Nothing outside the stretch is wanted. Repeat exactly the lines of the listing below from the one that contains "How are Google" through the one that contains "现代幼儿园教室3d模型", both ends included.

┄┄┄┄┄┄┄┄┄┄

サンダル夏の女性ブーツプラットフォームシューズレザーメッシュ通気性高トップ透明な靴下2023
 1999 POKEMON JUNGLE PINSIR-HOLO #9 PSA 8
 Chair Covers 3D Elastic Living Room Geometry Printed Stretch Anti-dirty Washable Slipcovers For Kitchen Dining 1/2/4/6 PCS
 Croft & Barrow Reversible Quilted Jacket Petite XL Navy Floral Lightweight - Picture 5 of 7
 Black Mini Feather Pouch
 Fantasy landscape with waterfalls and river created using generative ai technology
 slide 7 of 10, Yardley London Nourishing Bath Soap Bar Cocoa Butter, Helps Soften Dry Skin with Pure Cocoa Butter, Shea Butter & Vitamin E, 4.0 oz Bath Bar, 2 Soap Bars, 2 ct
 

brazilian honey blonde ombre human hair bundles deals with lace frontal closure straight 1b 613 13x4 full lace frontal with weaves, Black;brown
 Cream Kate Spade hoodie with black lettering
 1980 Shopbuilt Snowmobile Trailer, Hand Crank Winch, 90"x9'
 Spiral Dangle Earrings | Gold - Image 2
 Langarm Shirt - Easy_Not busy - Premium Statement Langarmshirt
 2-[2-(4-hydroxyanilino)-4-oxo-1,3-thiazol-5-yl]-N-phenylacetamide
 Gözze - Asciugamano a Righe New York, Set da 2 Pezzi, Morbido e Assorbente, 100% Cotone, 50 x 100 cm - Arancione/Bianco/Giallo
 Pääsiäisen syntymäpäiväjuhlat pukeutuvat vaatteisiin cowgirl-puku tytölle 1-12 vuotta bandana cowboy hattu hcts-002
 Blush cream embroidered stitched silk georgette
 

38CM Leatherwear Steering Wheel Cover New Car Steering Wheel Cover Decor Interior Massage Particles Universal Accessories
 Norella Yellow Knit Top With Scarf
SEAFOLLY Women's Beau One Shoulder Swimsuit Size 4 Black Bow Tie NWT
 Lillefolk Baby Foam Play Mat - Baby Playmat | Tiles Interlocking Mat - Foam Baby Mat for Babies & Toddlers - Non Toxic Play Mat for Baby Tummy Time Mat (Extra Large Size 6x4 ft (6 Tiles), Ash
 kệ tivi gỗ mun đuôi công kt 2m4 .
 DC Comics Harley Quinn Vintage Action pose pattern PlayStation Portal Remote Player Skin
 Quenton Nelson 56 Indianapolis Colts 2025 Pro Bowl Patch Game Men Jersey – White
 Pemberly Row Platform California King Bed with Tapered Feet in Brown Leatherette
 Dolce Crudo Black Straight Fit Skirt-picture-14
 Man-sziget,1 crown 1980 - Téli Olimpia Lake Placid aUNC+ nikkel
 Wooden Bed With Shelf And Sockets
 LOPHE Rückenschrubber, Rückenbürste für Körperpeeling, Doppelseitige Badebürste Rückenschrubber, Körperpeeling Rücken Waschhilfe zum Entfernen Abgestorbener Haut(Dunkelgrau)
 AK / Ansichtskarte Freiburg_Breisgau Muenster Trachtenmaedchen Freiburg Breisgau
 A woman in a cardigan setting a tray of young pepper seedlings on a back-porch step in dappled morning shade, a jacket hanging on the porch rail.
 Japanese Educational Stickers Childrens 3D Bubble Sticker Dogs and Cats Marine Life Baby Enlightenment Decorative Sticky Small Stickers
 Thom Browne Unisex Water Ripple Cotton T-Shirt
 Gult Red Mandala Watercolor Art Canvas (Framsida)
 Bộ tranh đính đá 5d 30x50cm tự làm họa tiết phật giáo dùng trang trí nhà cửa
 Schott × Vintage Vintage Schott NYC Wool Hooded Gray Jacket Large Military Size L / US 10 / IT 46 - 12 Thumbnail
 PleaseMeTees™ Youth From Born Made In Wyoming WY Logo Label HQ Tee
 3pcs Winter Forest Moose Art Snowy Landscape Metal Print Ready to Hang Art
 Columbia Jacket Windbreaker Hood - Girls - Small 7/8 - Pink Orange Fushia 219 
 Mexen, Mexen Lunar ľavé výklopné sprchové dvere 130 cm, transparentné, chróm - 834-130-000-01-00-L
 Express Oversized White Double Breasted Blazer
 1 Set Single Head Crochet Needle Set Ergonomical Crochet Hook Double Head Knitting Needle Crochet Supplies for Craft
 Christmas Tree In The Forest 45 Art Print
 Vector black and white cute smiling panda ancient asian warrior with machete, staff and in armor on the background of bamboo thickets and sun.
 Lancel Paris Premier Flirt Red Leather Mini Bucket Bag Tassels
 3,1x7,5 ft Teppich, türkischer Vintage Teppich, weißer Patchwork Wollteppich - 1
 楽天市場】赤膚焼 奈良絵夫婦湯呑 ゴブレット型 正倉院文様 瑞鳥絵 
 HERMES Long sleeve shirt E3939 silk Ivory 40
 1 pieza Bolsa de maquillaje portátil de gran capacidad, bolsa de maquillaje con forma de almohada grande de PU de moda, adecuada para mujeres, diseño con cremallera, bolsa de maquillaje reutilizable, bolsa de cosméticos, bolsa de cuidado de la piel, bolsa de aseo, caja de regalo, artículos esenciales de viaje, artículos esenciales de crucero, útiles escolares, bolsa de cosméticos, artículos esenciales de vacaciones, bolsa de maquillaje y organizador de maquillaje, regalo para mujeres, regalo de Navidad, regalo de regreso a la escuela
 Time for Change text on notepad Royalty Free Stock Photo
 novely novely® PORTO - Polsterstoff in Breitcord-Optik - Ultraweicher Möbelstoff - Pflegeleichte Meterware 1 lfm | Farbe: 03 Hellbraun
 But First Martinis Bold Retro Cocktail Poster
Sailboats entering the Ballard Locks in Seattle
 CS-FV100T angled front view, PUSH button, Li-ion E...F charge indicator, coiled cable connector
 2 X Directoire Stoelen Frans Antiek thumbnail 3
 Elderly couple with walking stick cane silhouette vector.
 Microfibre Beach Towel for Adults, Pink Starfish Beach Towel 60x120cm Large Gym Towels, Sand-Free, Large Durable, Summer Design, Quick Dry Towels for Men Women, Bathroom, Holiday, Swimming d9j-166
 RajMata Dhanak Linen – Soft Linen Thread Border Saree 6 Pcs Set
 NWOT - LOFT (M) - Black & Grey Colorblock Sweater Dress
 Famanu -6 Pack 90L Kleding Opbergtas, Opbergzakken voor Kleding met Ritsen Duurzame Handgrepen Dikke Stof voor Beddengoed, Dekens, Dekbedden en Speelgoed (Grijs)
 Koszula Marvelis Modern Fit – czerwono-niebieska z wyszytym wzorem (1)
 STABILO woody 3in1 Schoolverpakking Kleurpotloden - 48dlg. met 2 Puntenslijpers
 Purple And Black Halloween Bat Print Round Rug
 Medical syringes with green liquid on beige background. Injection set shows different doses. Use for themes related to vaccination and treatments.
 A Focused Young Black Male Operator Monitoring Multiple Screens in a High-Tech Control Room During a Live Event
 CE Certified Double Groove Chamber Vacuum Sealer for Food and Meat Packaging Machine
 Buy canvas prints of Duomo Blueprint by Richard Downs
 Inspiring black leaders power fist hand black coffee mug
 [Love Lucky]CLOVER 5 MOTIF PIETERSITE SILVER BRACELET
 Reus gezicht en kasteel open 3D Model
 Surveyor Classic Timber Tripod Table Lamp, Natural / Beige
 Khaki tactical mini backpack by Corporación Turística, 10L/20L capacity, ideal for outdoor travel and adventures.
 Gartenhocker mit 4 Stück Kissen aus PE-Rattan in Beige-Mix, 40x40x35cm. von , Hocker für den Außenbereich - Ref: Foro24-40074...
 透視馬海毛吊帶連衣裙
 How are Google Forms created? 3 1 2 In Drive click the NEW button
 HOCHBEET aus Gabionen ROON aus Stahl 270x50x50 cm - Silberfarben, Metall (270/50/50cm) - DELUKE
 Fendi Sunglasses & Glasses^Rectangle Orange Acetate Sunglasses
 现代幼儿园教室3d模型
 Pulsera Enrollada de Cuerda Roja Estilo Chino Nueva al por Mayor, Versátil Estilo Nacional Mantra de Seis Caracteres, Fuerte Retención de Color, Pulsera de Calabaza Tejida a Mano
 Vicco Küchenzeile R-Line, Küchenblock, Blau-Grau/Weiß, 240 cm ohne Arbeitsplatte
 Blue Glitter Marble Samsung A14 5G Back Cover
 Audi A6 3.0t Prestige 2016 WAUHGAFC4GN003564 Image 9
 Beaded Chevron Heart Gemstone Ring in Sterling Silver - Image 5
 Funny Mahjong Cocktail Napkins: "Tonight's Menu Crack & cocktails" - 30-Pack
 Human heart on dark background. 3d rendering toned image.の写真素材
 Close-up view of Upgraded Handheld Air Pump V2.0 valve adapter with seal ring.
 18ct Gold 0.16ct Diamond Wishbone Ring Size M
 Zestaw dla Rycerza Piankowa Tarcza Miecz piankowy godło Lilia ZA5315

┄┄┄┄┄┄┄┄┄┄

* [RESPONSE AREA]:
 How are Google Forms created? 3 1 2 In Drive click the NEW button
 HOCHBEET aus Gabionen ROON aus Stahl 270x50x50 cm - Silberfarben, Metall (270/50/50cm) - DELUKE
 Fendi Sunglasses & Glasses^Rectangle Orange Acetate Sunglasses
 现代幼儿园教室3d模型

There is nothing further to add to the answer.